Ho un vago ricordo dei giorni in cui leggevo il primo libro divulgativo di Stephen Hawking, ero giovane, all'incirca diciotto anni, e dopo svariate elucubrazioni avevo deciso che la mia tesi da presentare all'orale della maturità sarebbe stata un lungo percorso che iniziava dalla fisica dei buchi neri per poi arrivare alla filosofia di Hilary Putnam (il passaggio finale era davvero complesso, ammetto che tutt'ora non ho ancora letto il saggio in cui Putnam spiega il concetto di cervello in una vasca attaccato ad un computer. Tuttavia, considerando il fatto che divoravo libri e film di fantascienza vagamente simili a Matrix come patatine fonzie, e che i miei compagni di classe facevano tesi molto più noiose, mi sentivo autorizzato a improvvisare lasciando comunque la commissione sbalordita).
Il mio interesse per Stephen Hawking nel corso degli anni, ha seguito quello della media; sapevo chi era, mi faceva ridere quando appariva nelle puntate dei Simpson, e si è ovviamente riacceso all'uscita del film "La teoria del tutto". Il punto è che, nel pensare alla sua morte, mi sono chiesto perchè conoscevamo così tanto dei suoi risultati scientifici e così poco di una sua giornata tipo all' università.
Punto primo, per esperienza nei dipartimenti nelle università, se un professore è minimamente famoso e con impegni extra universitari, la sua presenza nei corridoi della facoltà ha la frequenza delle aurore boreali nel nord della Scozia: molto rara. E quando ciò è previsto, le persone prendono voli last minute e aspettano ore seduti per terra aspettando e incrociando le dita (recenti dati ISTAT stimano che un dottorando medio passa circa il 40 % della sua ricerca in attesa del suo relatore).
Punto secondo, il punto primo era solo una divagazione personale.
Punto terzo, perchè nel pubblicare le sue ricerche Stephen Hawking non ci ha mai raccontato di quanto frustrante possa essere arrivare a quelle equazioni ?
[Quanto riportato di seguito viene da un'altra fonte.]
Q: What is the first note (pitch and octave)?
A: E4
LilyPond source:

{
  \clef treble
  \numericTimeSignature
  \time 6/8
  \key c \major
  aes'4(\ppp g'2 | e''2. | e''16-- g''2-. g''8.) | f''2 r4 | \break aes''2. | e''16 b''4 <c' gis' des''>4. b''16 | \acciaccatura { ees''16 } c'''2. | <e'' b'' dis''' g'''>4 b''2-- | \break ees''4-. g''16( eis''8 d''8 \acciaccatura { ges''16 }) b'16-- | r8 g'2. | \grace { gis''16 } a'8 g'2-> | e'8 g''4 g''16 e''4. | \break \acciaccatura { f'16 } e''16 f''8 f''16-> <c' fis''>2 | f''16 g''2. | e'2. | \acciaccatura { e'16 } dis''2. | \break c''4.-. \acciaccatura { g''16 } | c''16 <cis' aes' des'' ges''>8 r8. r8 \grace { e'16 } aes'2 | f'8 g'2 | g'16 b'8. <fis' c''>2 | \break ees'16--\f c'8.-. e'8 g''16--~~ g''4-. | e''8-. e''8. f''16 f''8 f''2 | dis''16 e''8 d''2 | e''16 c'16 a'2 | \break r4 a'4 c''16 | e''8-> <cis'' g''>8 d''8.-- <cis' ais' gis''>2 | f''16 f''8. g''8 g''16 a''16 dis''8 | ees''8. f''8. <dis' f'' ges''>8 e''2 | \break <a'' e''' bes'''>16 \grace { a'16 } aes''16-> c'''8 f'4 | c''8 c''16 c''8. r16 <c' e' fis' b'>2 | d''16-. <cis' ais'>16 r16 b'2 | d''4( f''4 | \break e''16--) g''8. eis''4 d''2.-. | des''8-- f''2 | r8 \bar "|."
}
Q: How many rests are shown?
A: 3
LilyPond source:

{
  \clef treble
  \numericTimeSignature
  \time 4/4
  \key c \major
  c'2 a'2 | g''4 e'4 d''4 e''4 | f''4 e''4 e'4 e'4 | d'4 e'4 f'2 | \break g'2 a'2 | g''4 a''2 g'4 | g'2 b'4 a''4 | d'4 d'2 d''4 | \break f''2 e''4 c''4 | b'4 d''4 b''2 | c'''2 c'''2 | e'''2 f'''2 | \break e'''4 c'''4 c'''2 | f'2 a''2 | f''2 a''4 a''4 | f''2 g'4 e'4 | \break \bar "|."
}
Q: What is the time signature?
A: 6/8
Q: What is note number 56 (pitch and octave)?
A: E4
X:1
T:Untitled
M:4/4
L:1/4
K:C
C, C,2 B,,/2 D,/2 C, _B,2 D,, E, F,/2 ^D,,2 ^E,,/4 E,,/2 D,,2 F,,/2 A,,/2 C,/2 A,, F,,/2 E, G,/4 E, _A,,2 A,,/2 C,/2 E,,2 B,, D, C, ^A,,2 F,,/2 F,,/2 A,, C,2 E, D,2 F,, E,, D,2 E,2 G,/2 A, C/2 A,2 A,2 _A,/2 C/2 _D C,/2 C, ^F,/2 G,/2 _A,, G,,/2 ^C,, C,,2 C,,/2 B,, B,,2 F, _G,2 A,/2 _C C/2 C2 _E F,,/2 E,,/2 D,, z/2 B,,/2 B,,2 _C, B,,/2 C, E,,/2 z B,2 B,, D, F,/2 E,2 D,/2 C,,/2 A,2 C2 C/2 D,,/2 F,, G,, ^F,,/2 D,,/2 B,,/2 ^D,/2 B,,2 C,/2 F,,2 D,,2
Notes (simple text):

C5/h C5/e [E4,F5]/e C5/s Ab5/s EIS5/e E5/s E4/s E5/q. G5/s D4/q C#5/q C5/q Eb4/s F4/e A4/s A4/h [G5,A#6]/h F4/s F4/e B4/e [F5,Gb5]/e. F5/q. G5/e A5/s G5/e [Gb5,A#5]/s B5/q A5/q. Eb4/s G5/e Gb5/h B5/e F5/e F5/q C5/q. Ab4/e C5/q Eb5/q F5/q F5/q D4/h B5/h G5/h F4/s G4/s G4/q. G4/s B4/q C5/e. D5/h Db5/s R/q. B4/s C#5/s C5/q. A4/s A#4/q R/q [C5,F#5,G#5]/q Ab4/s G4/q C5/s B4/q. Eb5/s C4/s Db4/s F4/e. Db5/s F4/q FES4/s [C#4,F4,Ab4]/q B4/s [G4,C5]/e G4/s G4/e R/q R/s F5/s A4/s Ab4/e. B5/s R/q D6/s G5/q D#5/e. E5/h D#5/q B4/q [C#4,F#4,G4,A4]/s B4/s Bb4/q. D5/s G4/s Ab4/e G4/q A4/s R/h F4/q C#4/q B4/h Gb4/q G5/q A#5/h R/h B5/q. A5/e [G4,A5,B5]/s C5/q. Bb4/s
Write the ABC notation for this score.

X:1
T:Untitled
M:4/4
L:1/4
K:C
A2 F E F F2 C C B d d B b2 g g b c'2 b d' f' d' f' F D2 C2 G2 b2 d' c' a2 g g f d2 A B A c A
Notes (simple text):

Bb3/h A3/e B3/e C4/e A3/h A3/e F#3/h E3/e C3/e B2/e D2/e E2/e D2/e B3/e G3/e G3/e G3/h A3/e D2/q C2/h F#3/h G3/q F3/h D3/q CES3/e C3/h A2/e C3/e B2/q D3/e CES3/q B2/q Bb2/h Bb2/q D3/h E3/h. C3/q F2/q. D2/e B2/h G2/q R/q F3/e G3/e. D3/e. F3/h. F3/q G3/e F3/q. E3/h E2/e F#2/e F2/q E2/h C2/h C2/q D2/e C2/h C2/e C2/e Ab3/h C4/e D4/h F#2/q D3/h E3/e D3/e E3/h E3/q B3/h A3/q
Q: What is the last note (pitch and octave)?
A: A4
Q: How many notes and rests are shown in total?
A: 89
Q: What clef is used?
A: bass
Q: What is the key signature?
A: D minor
Alle scuole elementari ci avevano insegnato che il metodo scientifico di galileo era composto di tre sostanziali fasi: ipotesi, sperimentazioni e tesi.
Ora, tralasciando tutto l'aspetto filosofico, mi pare evidente che tra ipotesi e tesi nessuno ti raccontava che ci sarebbero state fiumi di caffè e masochistiche maratone Netflix in cui decidi di finire una serie televisiva trascurando il tuo lavoro.
Una serie Netflix, così come una equazione di fisica quantistica, è una elegante tesi che ti viene servita su un piatto d'argento. Sono fantastiche, ti fanno dimenticare tutte le rogne della sperimentazione oppure ti fanno capire quanto insignificanti possano essere le tue ipotesi di partenza (Breve riassunto del metodo per arrivare al 90% delle domande di ricerca per nuovi articoli accademici da pubblicare con cadenze trimestrali come i vecchi albi di Minni & Company. Hai letto della della brexit ? già pubblicato. Hai letto della elezione di Donald Trump ? già pubblicato. Hai letto degli effetti del Jobs Act ? già pubblicato. Hai visto che un tizio ha pubblicato dei nuovi dati su quante cacche di cane vengono calpestate in un giorno ? Ottimo, mettiamoci un confronto sulla discriminazione delle donne e pubblichiamo.)
Se ripenso alla mia educazione scientifica, posso dire con certezza di non di aver mai avuto qualcuno che ti spiegasse che l'importante non è impazzire per la tesi corretta, ma evitarlo durante la sperimentazione.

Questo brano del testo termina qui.